# Problem statement
Transcribe the lines below exactly. No image belongs in the transcription.
# # #
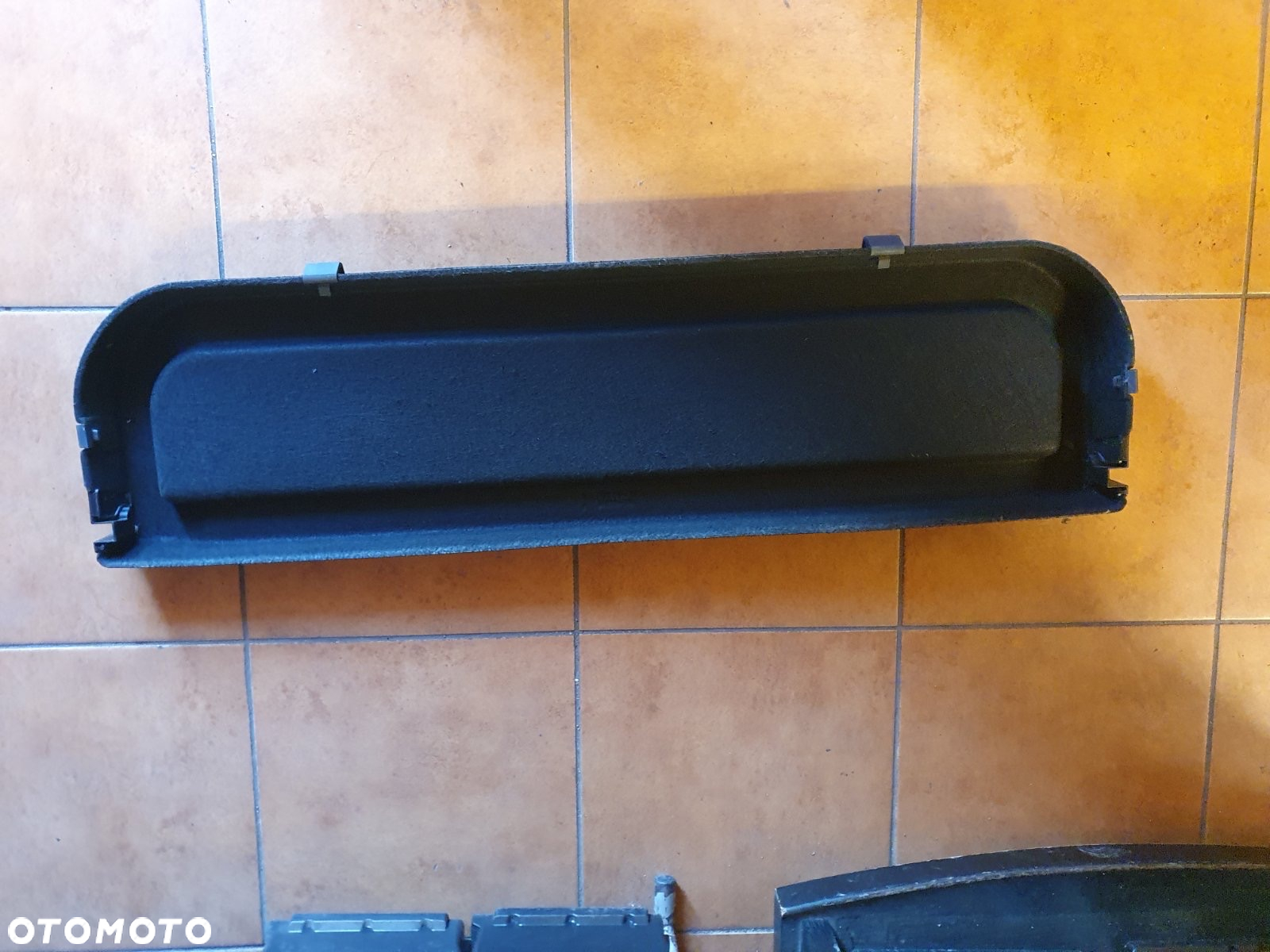 PÓŁKA BAGAŻNIKA SUZUKI SWIFT MK7 10-17 - 4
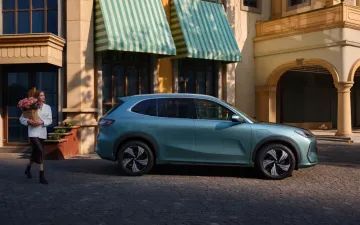 Az E5 családi SUV-ra kínált 1,5 millió forintos árelőnnyel gyorsítaná az elektromos átállást a Geely a C-SUV szegmensben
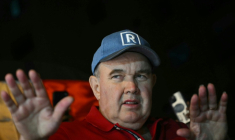 Candidat à la présidentielle au Pérou pour le parti Renovación Popular, Rafael Lopez Aliaga fait un geste lors d’une manifestation dénonçant une fraude présumée après les résultats de l’élection, devant le siège du Jury national des élections (JNE) à Lima, le 14 avril 2026 ( AFP / ERNESTO BENAVIDES )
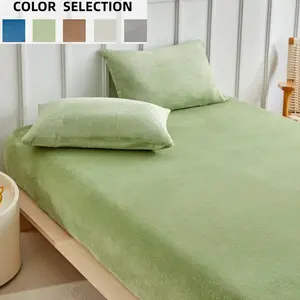 Elegant Comfort Luxuriously Soft 3-Piece Velvet Plush Flannel Fitted Sheet Set - Premium Quality - Cozy Warm, Anti-Static, Non Pilling Fuzzy Velvet Flannel Fleece Deep Pocket Sheet Set - 1 Fitted Sheet And 2 Pillowcases,Christmas Bed Set, Bed Sheets Set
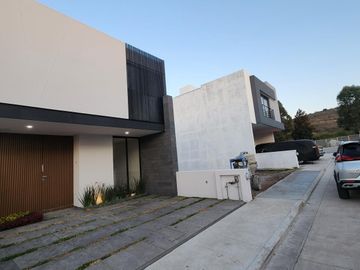 Casa en Venta en Cañadas Tres Marías Fraccionamiento privado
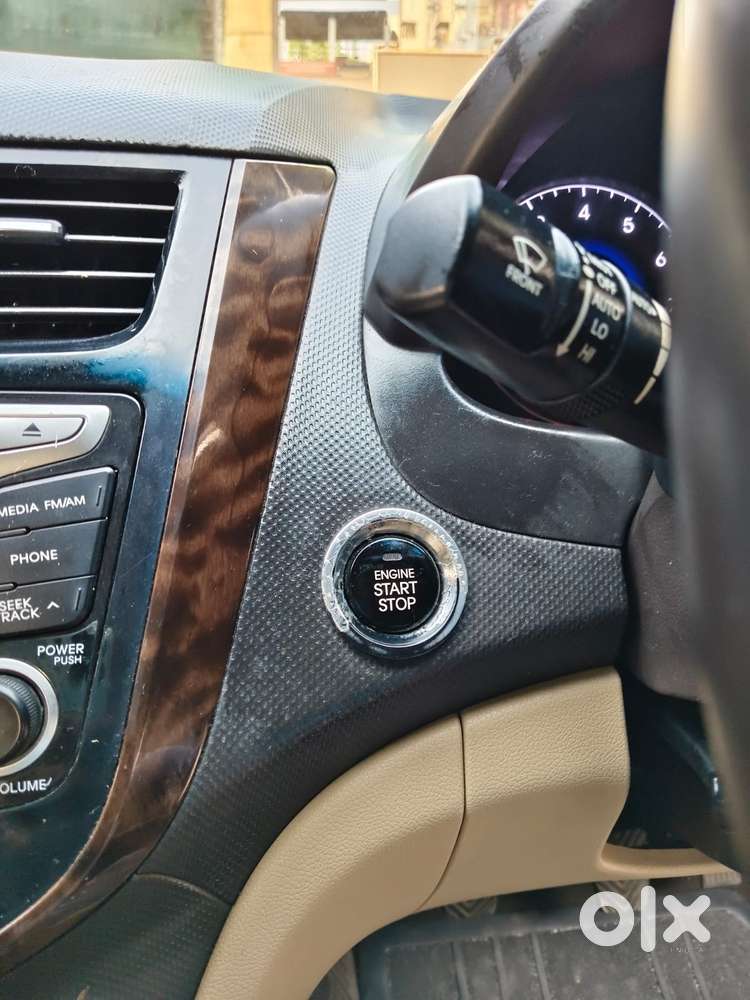 Hyundai Verna Fluidic 1.6 Vtvt Sx, 2016, Petrol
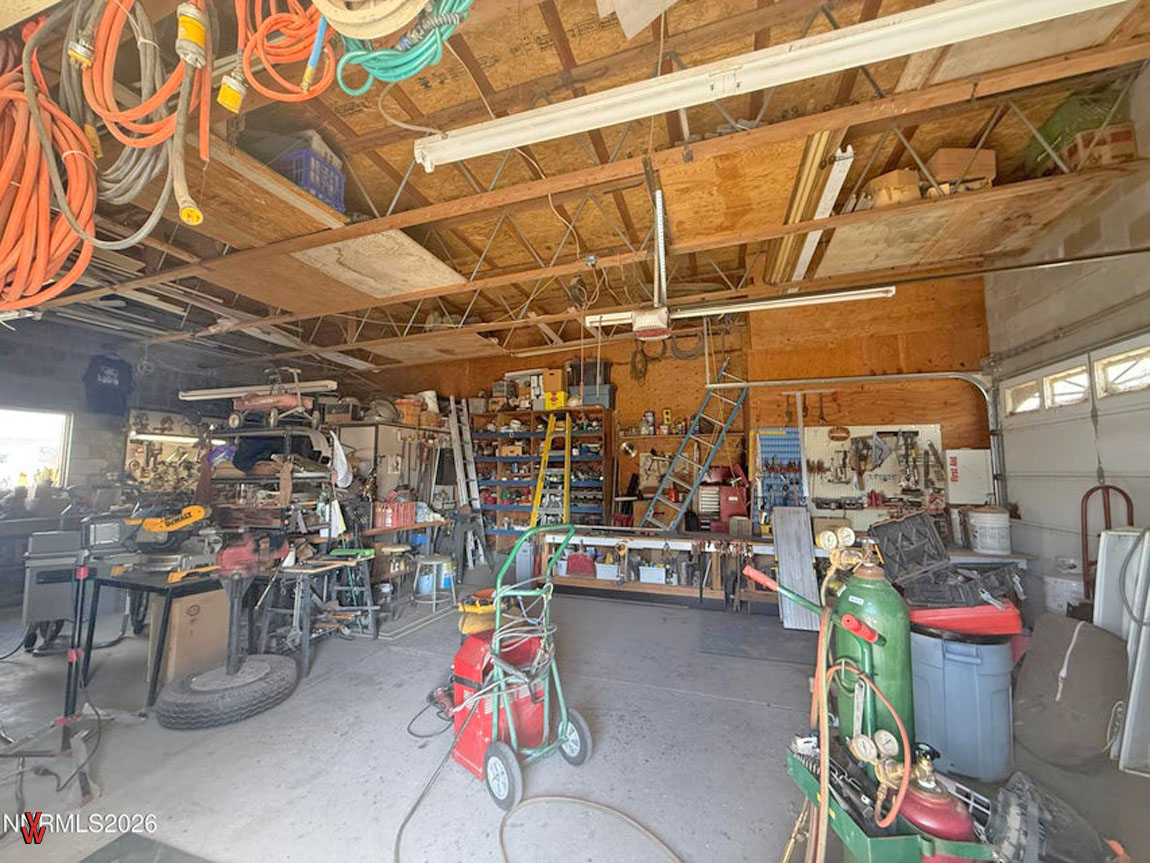 8175StinsonBlvd-ShopInterior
# # #
# Response area
 PÓŁKA BAGAŻNIKA SUZUKI SWIFT MK7 10-17 - 4
 Az E5 családi SUV-ra kínált 1,5 millió forintos árelőnnyel gyorsítaná az elektromos átállást a Geely a C-SUV szegmensben
 Candidat à la présidentielle au Pérou pour le parti Renovación Popular, Rafael Lopez Aliaga fait un geste lors d’une manifestation dénonçant une fraude présumée après les résultats de l’élection, devant le siège du Jury national des élections (JNE) à Lima, le 14 avril 2026 ( AFP / ERNESTO BENAVIDES )
 Elegant Comfort Luxuriously Soft 3-Piece Velvet Plush Flannel Fitted Sheet Set - Premium Quality - Cozy Warm, Anti-Static, Non Pilling Fuzzy Velvet Flannel Fleece Deep Pocket Sheet Set - 1 Fitted Sheet And 2 Pillowcases,Christmas Bed Set, Bed Sheets Set
 Casa en Venta en Cañadas Tres Marías Fraccionamiento privado
 Hyundai Verna Fluidic 1.6 Vtvt Sx, 2016, Petrol
 8175StinsonBlvd-ShopInterior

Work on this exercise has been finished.